### Information shown

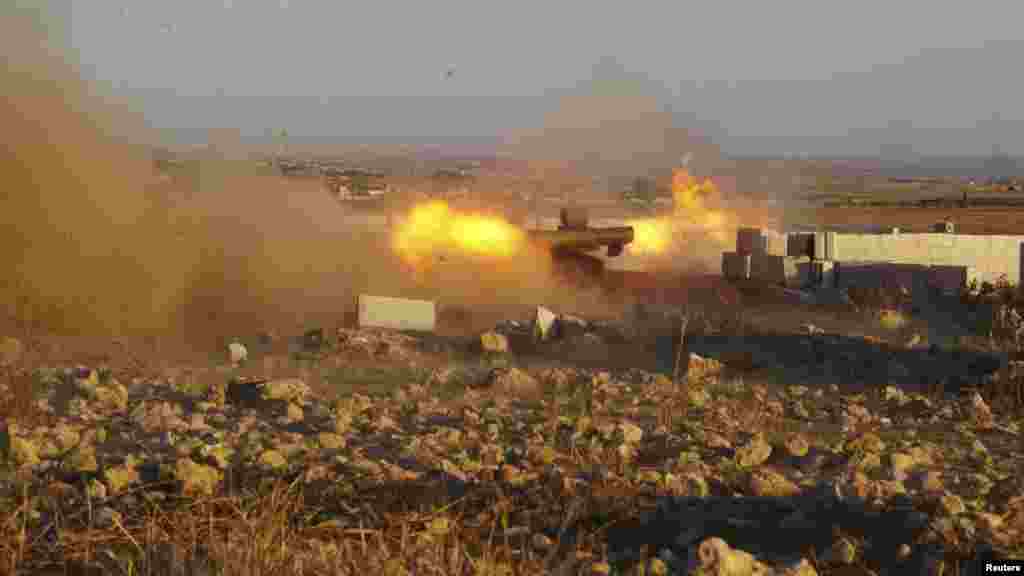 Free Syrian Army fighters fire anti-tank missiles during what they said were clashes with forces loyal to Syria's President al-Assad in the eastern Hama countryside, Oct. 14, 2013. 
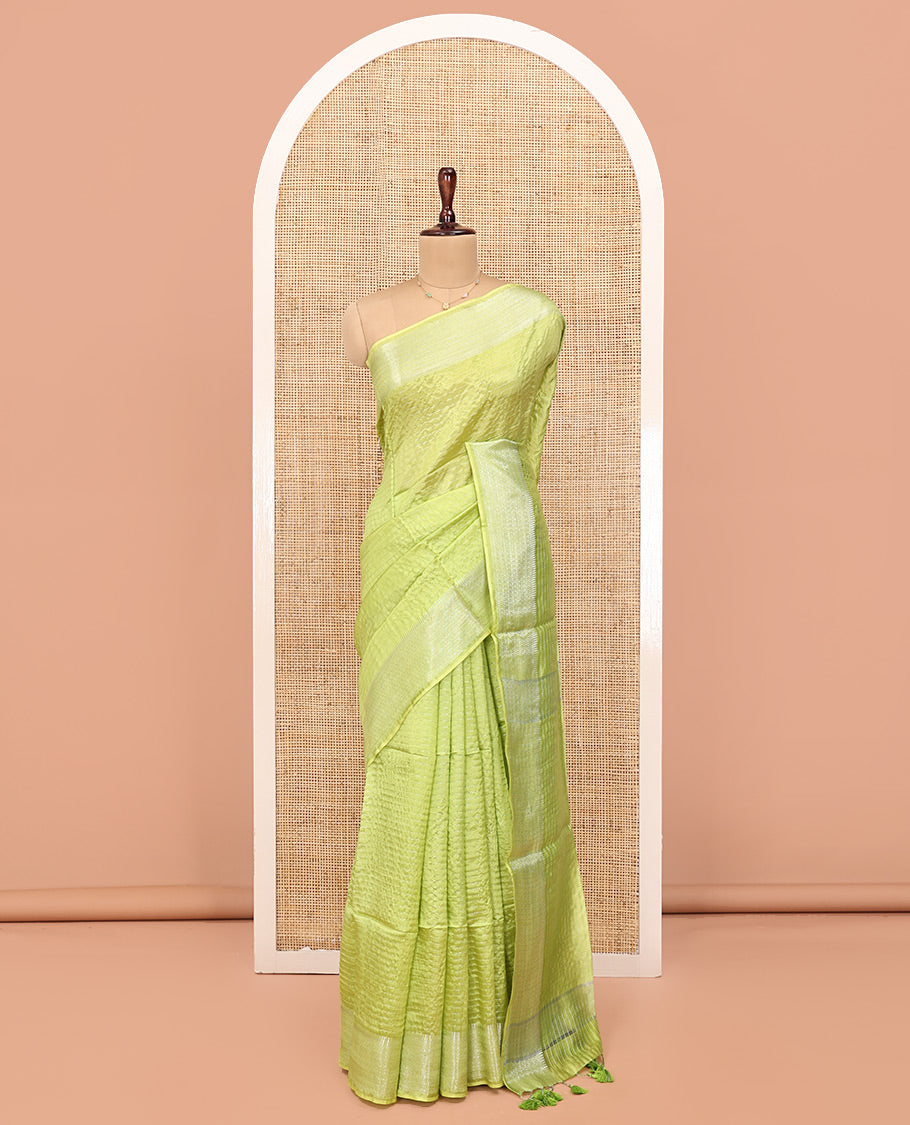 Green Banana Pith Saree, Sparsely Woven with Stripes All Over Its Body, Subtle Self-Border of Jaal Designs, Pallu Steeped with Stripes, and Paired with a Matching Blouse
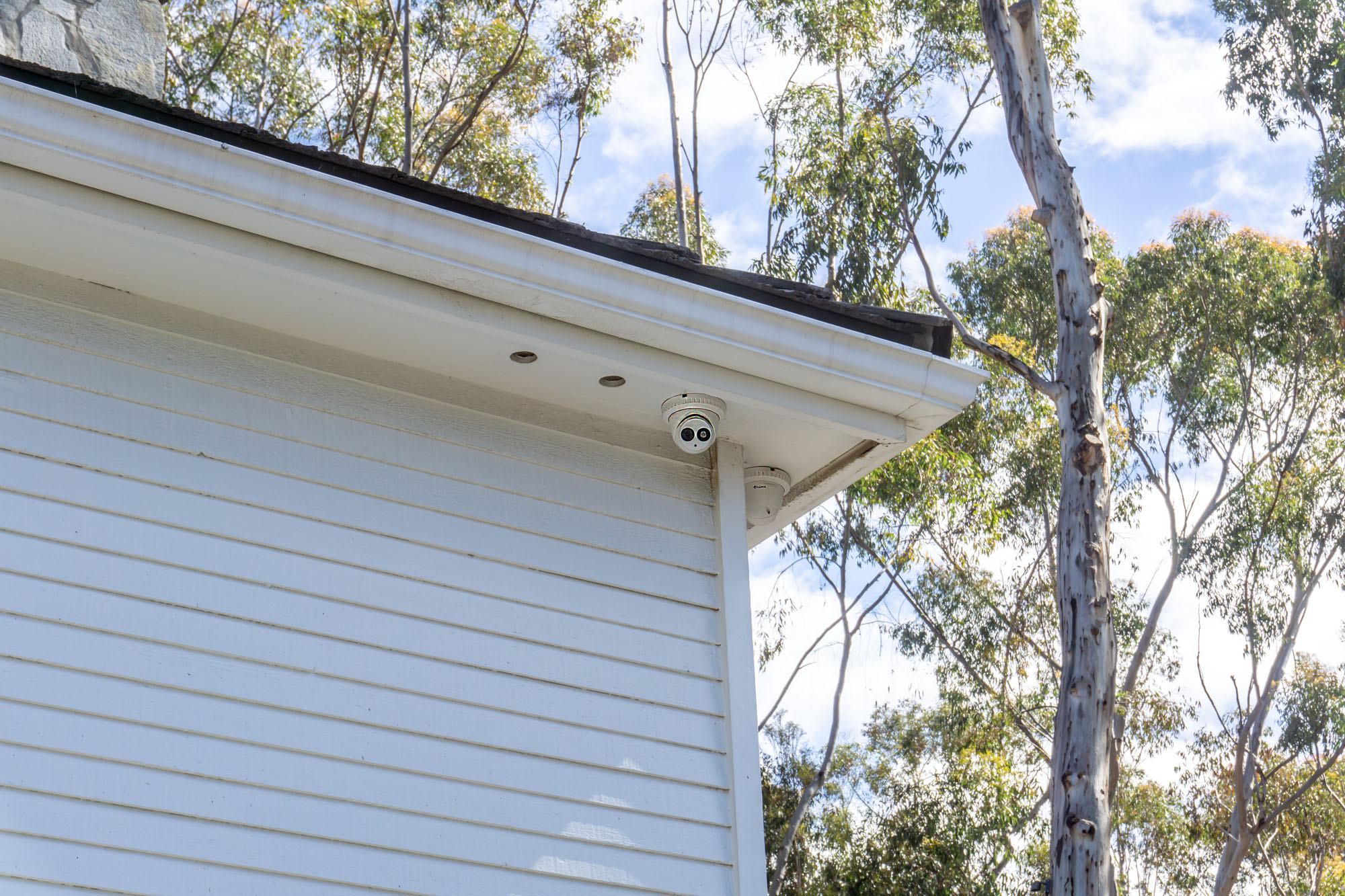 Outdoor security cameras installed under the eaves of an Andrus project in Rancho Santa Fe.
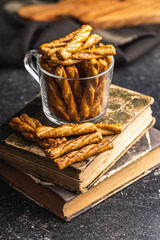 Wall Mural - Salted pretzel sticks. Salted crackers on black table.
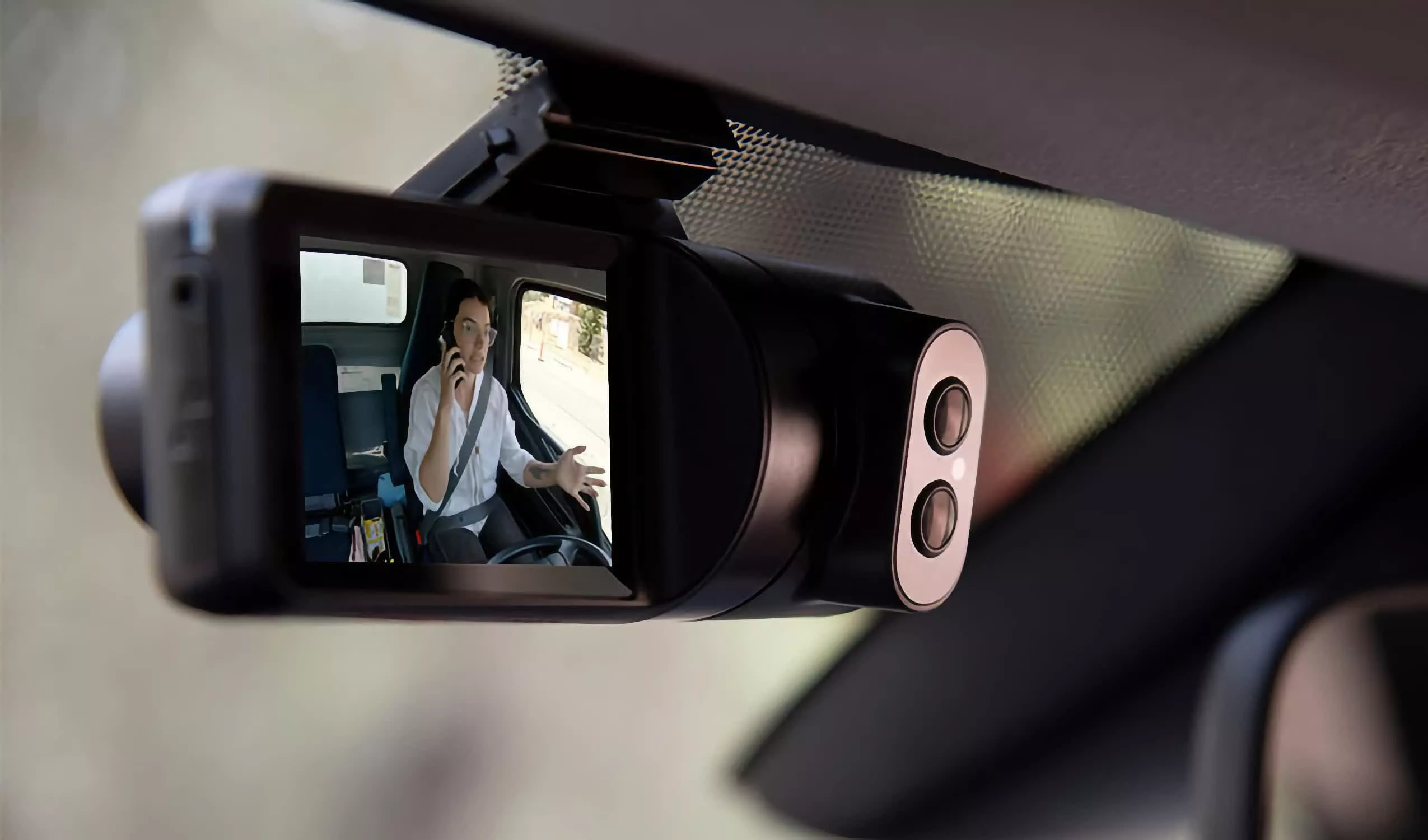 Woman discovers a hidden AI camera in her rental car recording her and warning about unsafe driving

---

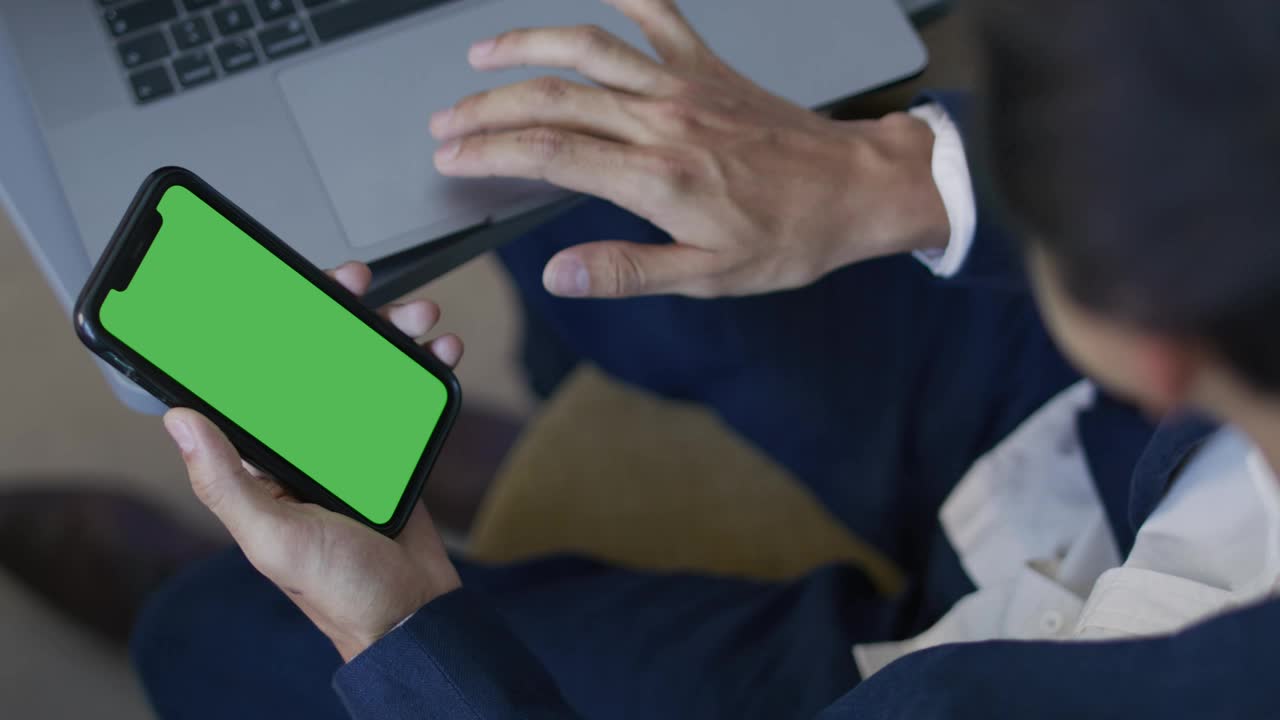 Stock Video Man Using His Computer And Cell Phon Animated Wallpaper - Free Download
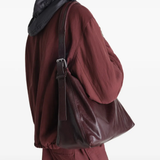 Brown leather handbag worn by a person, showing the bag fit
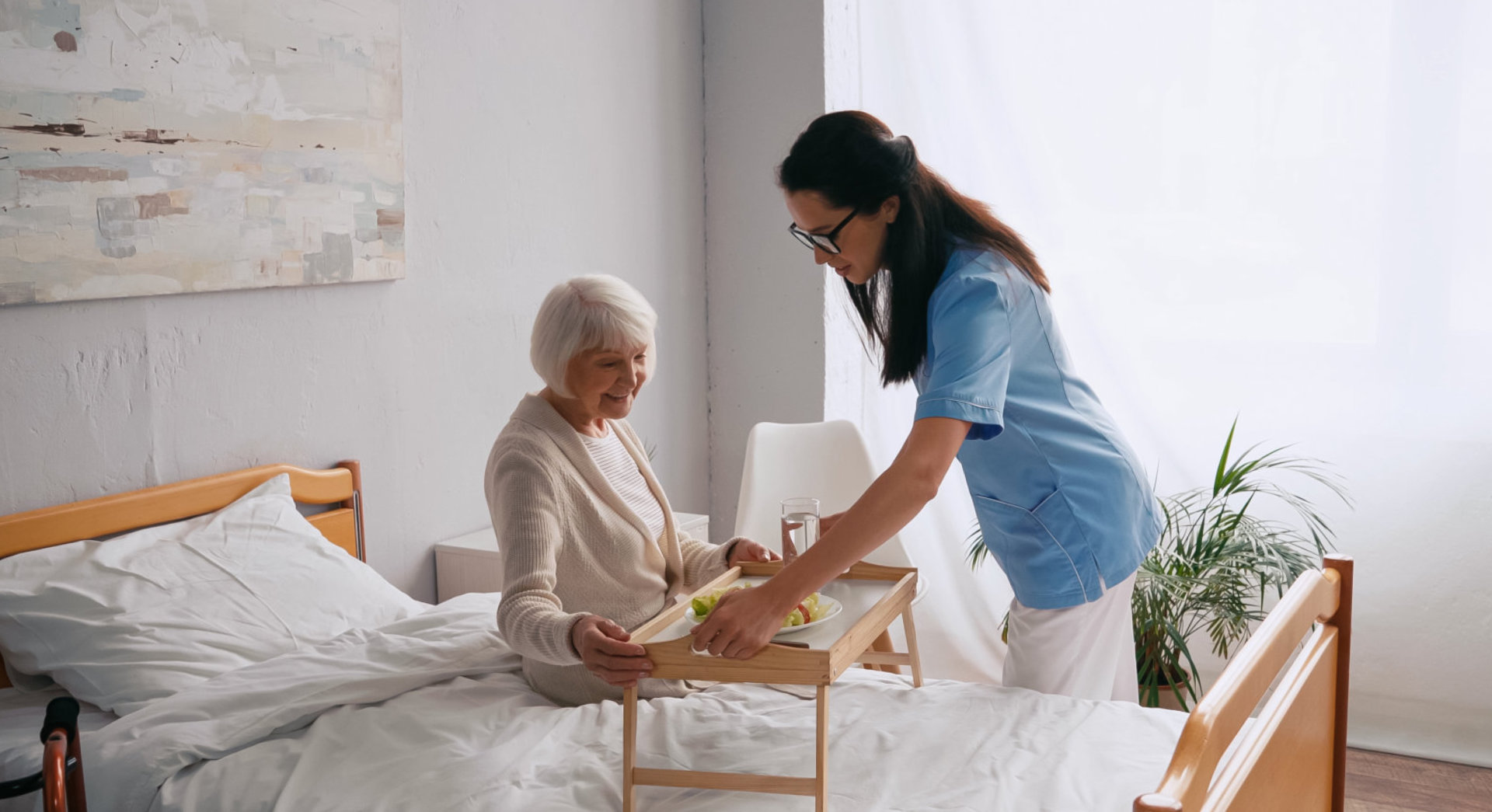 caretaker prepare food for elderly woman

### Work item
Working from the entries above, reproduce exactly and only the lines beginning with the line that has "Green Banana Pith" and ending with the line that has "Woman discovers a"; omit all pictures.

### Answer box
 Green Banana Pith Saree, Sparsely Woven with Stripes All Over Its Body, Subtle Self-Border of Jaal Designs, Pallu Steeped with Stripes, and Paired with a Matching Blouse
 Outdoor security cameras installed under the eaves of an Andrus project in Rancho Santa Fe.
 Wall Mural - Salted pretzel sticks. Salted crackers on black table.
 Woman discovers a hidden AI camera in her rental car recording her and warning about unsafe driving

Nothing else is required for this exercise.